I had two wonderful opportunities to do just on Sunday. I walked from my motel to the town section of Mineral Point, Wisconsin hoping to try a Mexican restaurant that I had scoped out the previous day. As I was walking down High Street passed the Mineral Point Opera House, I looked over into the park. There on a bench I saw an older fellow with one of his boots and socks off sun bathing his bare foot and ankle. He was also wearing a green baseball cap with ARMY in bold black letters. I walked over and asked him if he was in the Army? When? Vietnam? When? Then got to use my standard line for Vietnam vets, “Welcome home, Brother.” We Vietnam vets received no welcome home parades when we came home. I suppose the only group of military vets less thought of are the Korean War vets and that is because their war was so short and was eclipsed by both the Big War before it and the Vietnam War after it.
I had a great time visiting with my brother, hearing his story, and getting to share part of mine. The foot sun bathing thing was because he heard and believes the sun has healing power and was drying out some poison ivy he had on his foot and ankle. He believed it was working. I suspect that sunlight does cleanse, disinfect, and heal. There is so much talk about the harmful effects of exposure to the sun that we forget that like the rain that so many also bad mouth we couldn’t live without it.
The Mexican restuarant was not open but my new friend Larry said that if I was looking for a good meal I should try the place at the top of the hill. So back up I went. The cafe was packed and they had opened up the party room, the Kiwanis meeting room, to handle the over flow. The large long table in the center was full of church folk bubbling with lots of interesting conversation. I found one of the small two person tables off to one side, seated myself, and placed my order when the waitress came. I enjoyed my meal and the conversations nearby. As the church folks finished their dinner one of the folks, a lady, turned around in her chair and apologized for their loud conversation. I said, “No problem I enjoyed listening.” The man next to her said that they eat there every Sunday and I was welcome to join them. I said I’d see them next Sunday. The lady invited me to come visit their church if I got the urge. I said I would if I got the urge.

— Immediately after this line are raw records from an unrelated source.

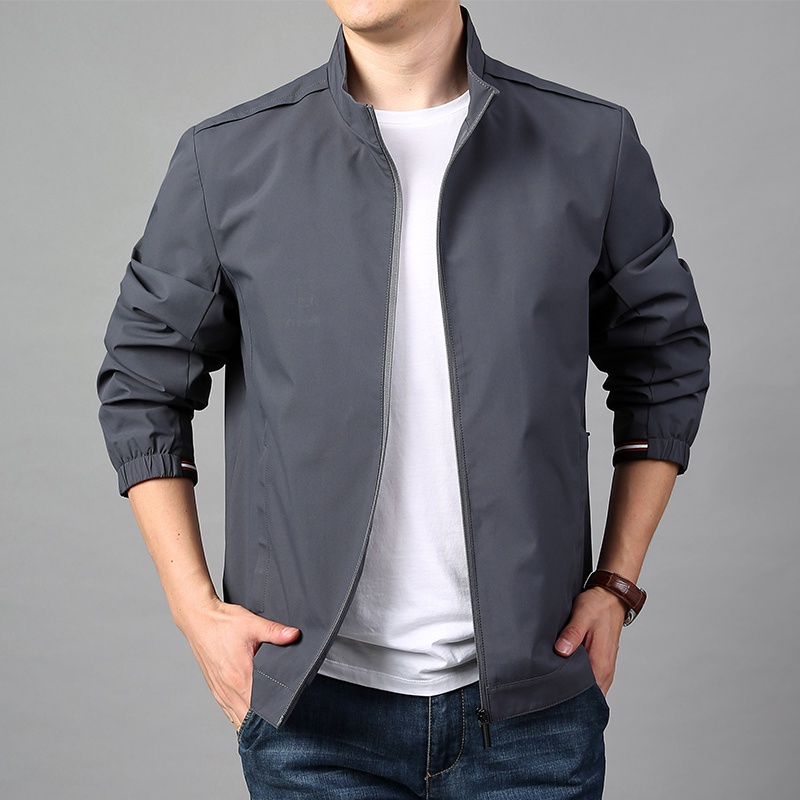 Áo Khoác Gió Mỏng Bốn Mặt Mẫu Mới 2022 Thời Trang Xuân Thu Cho Nam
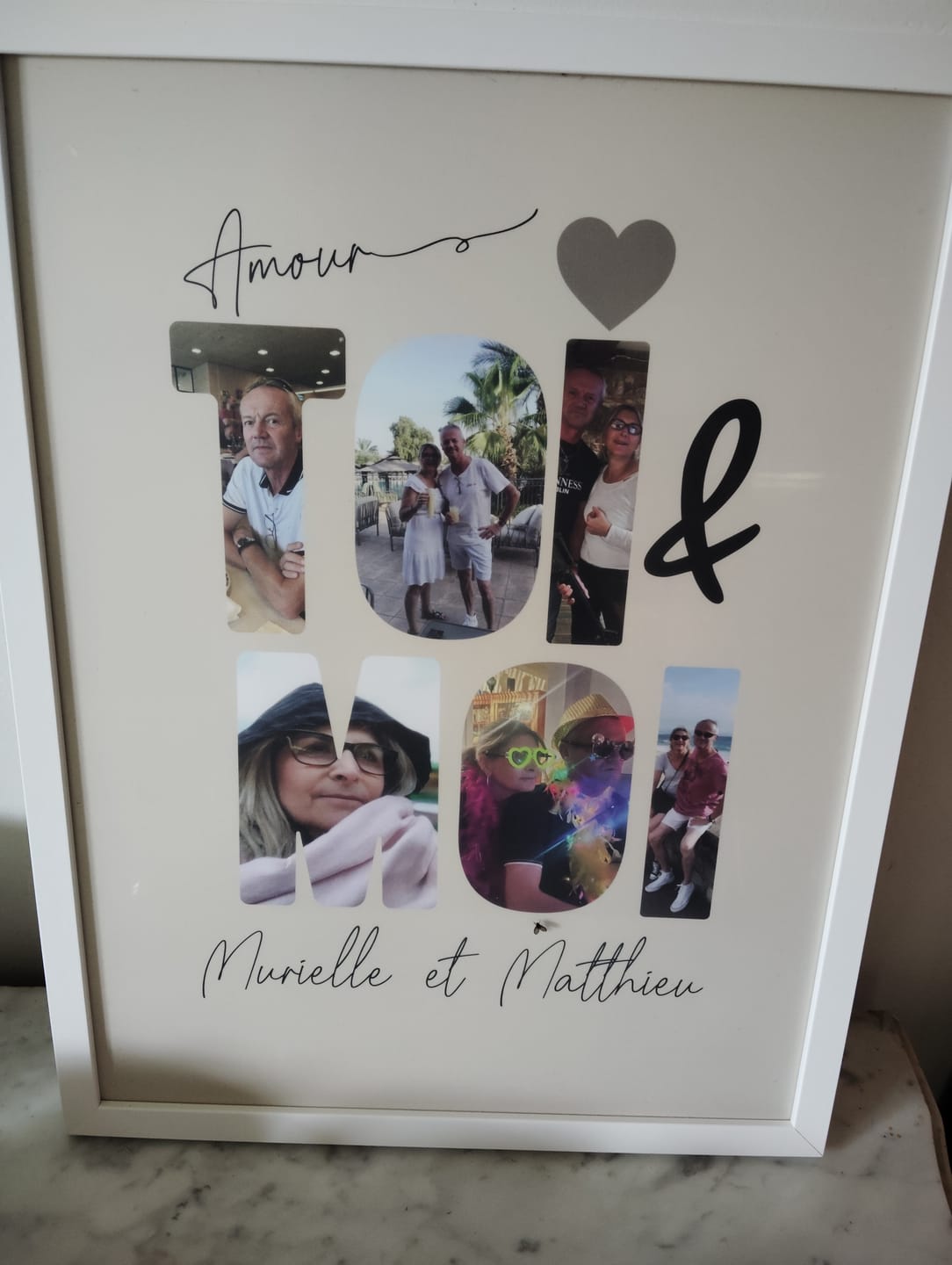 Customer photo review of Toi & Moi – Vertical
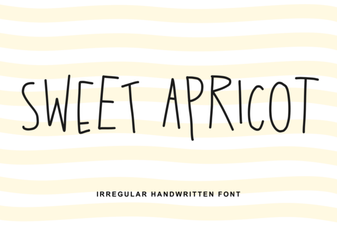 Sweet Apricot Font: Elegant Typography for Creative Projects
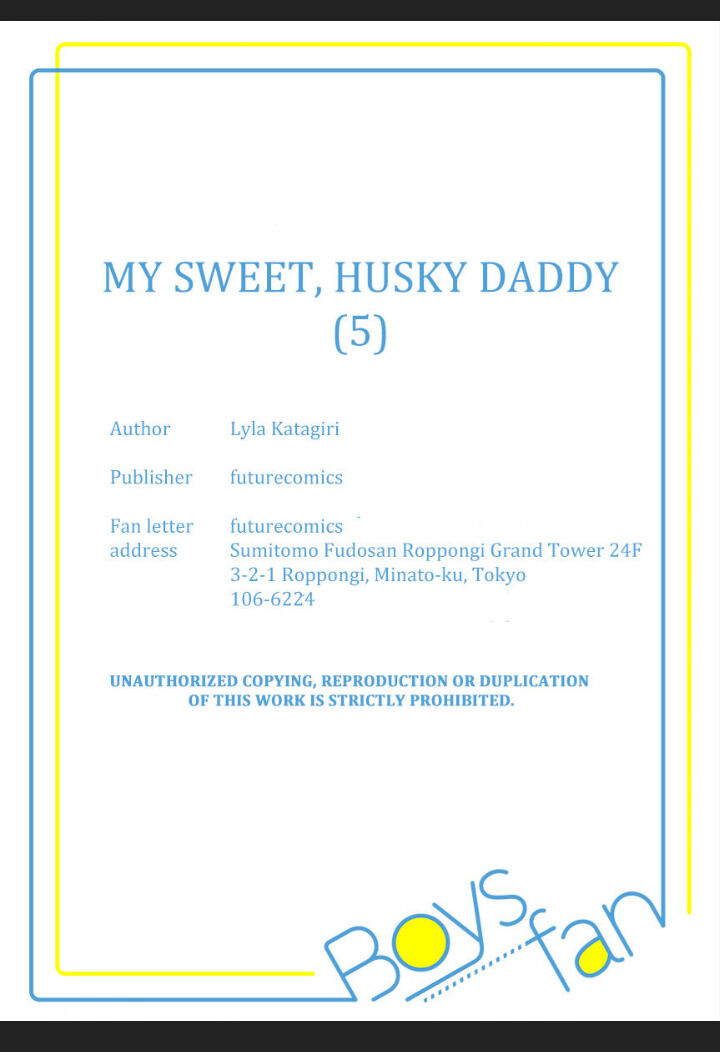 My Sweet Husky Papa - Chapter 5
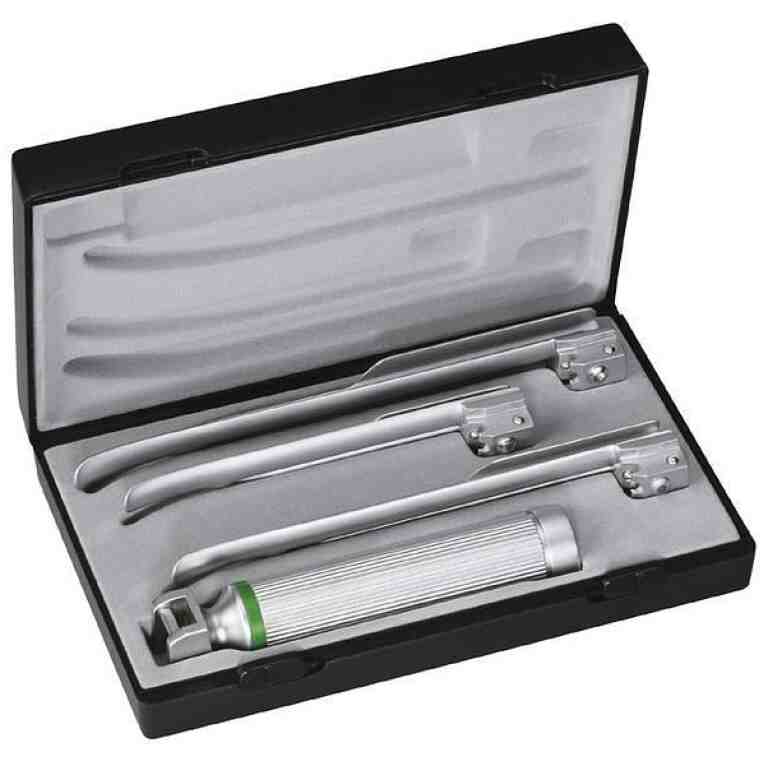Set laringoscop  FO Miller  Riester 8060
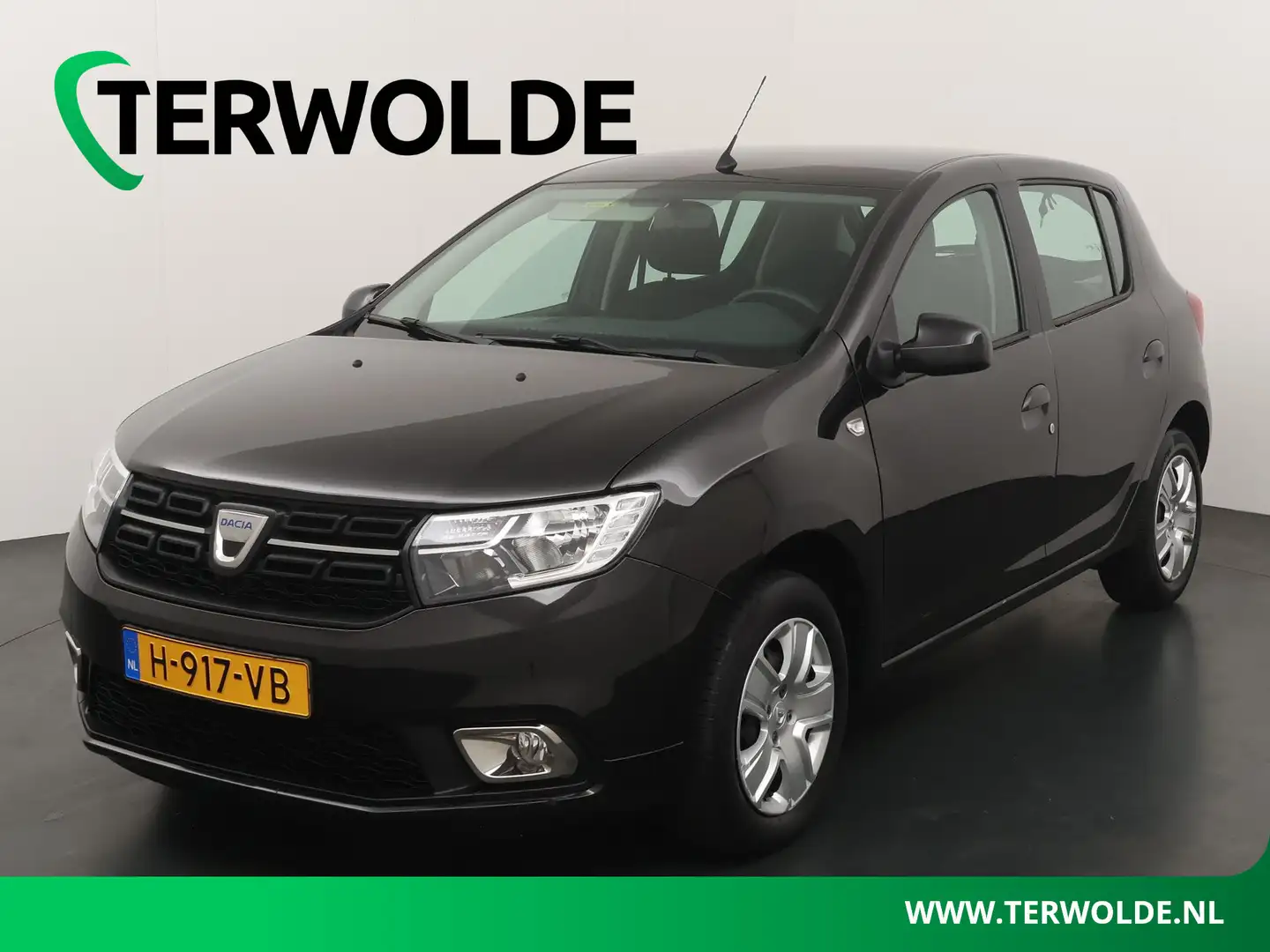 Dacia Sandero 0.9 TCe Laureate | Pack Medianav | Navigatiesystee Zwart - 1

But the real shiny event of that dinner happened just a few moments latter as two ladies negotiated the tight space between the big long table and mine. The first lady was helping the second lady, an older lady with a walker. The walker was too wide to pass through so the older lady turned it side ways and pushed it through to the first lady. That left her the backs of the chairs of the people seated at the big table to hold on to with her right hand but nothing for her left hand. Not wishing to be presumptuous I raised my right arm flexing the muscle and holding it parallel above the table creating a hand rail for the lady if she chose to use it. One of the churchmen got up offering to help her but spying my arm she said, “No, I think I’ll use this man.” When she gripped my arm and felt the flexed muscle in my forearm she uttered a gleeful and almost flirty, “Oh my.” The church folks chuckled and that made both of our days, I think. And all I had to do was to lend a hand, actually in that case an arm.
- Do you sometimes feel like the world and everyone is leaving you behind? You have a choice to make as Dylan’s song pointed out – you can get out of the way or you can lend your hand. Lending a hand is a lot more fun. Just ask Larry or that sweet older lady still thinking sexy thoughts and why not? It is nice to have warm thoughts on these cold Wisconsin nights.